Brooklyn Museum on Google Art Project: William Merritt Chase, Samuel Coleman, Claude Monet, Martin Johnson Heade, John Singer Sargent, Gustav Courbet, Childe Hassam, John Linton Chapman, Theodore Robinson
The Brooklyn Museum, as I reported back in 2010, is a terrific and underrated museum of art and artifacts that exists in the shadow of larger and better known museums in Manhattan.

The museum’s collection contains superb examples of American and European painting, some of which you can now view online in glorious detail by way of the Google Art Project.

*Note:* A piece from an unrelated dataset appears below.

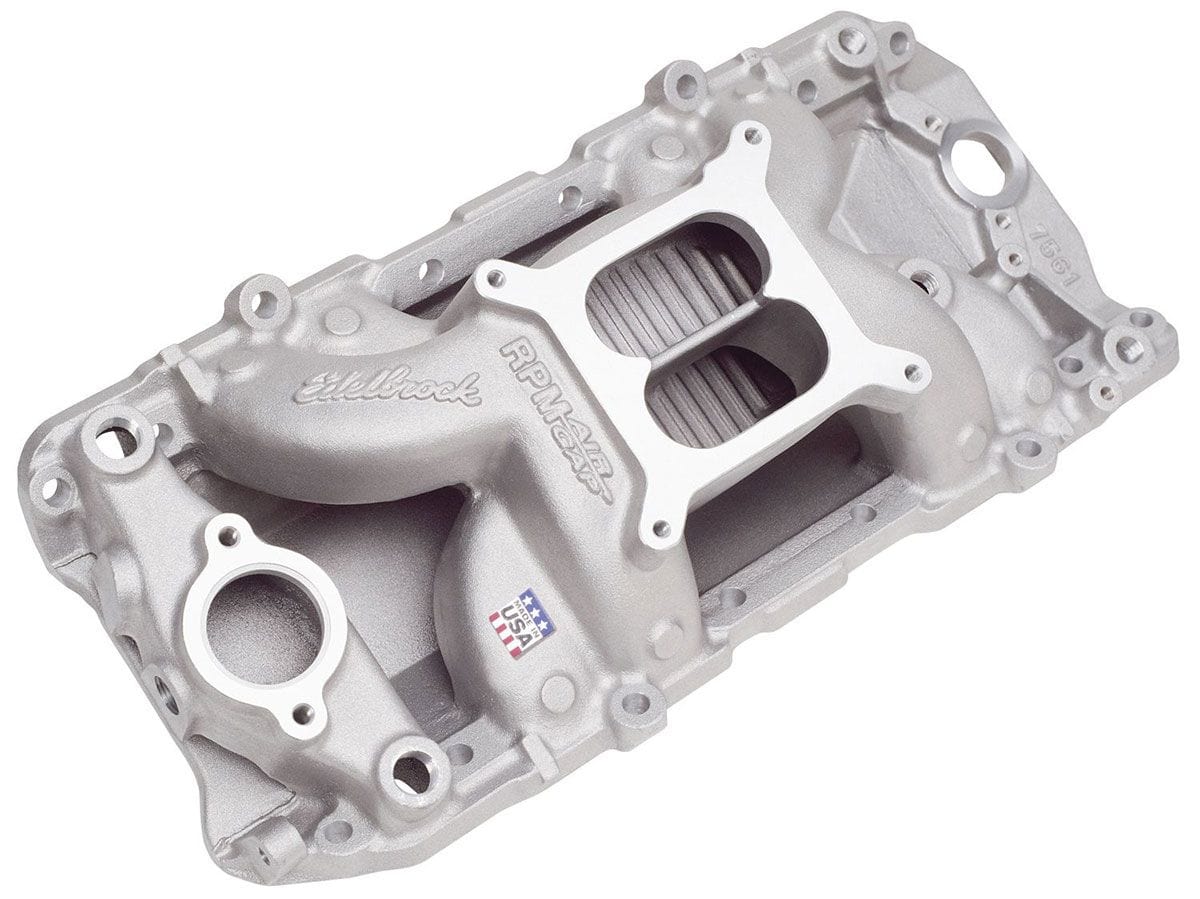 EDELBROCK Big Block Chevy oval port heads, 1500-6500 rpm Edelbrock RPM Air-Gap 2-O Intake Manifold ED7561 SR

Among the paintings in the museum is one of my all time favorites, “Studio Interior” by William Merritt Chase. This wonderful painting of a figure in an interior also contains a beautiful still life, as my detail crops from the Google Art Project enlargement show (images above, top three).

This link will give you the Brooklyn Museum page on GAP in small thumbnail mode (you can choose larger preview images at lower left). You may want to additionally click the “Filter” button at upper right, click “Filter by Medium” in the range that appears and mouse over the squares to choose a medium, such as “Oil Painting”, to narrow down the results.

As I usually do when directing readers to the amazing Google Art Project, I’ll issue my customary Time Sink Warning.

(Images above: William Merritt Chase [top three], Samuel Coleman, Claude Monet, Martin Johnson Heade, John Singer Sargent, Gustav Courbet, Childe Hassam, John Linton Chapman, Theodore Robinson)


1880’s paintings from Wikimedia Commons

1880's paintings from Wikimedia Commons: William Merritt Chase, Ivan Shishkin, Henryk Hector Siemiradzki, Willem de Zwart, Vincent van Gogh, Edward Burne-Jones, Jacob Maris, Giovanni Fattori, Ilya Repin, Vasily Polenov, Émile Schuffnecker, Edouard Manet
Taking another dip into the extensive art image resources on the Wikimedia Commons website, I’m once again finding delight in the ability to sort paintings by decade (or year) and browse a wonderful assortment of artists, subjects and styles.

This is just the tip of the iceberg, gleaning a few paintings off their generalized “1880’s paintings” page, from which you can dive into much greater detail going into individual years or artists.

Though the images are not as consistently large as, say, the Google Art Project, and the image quality is hit and miss — the extent, variety and ability to sort by various criteria make the site an art browsing treasure and a Major Time Sink.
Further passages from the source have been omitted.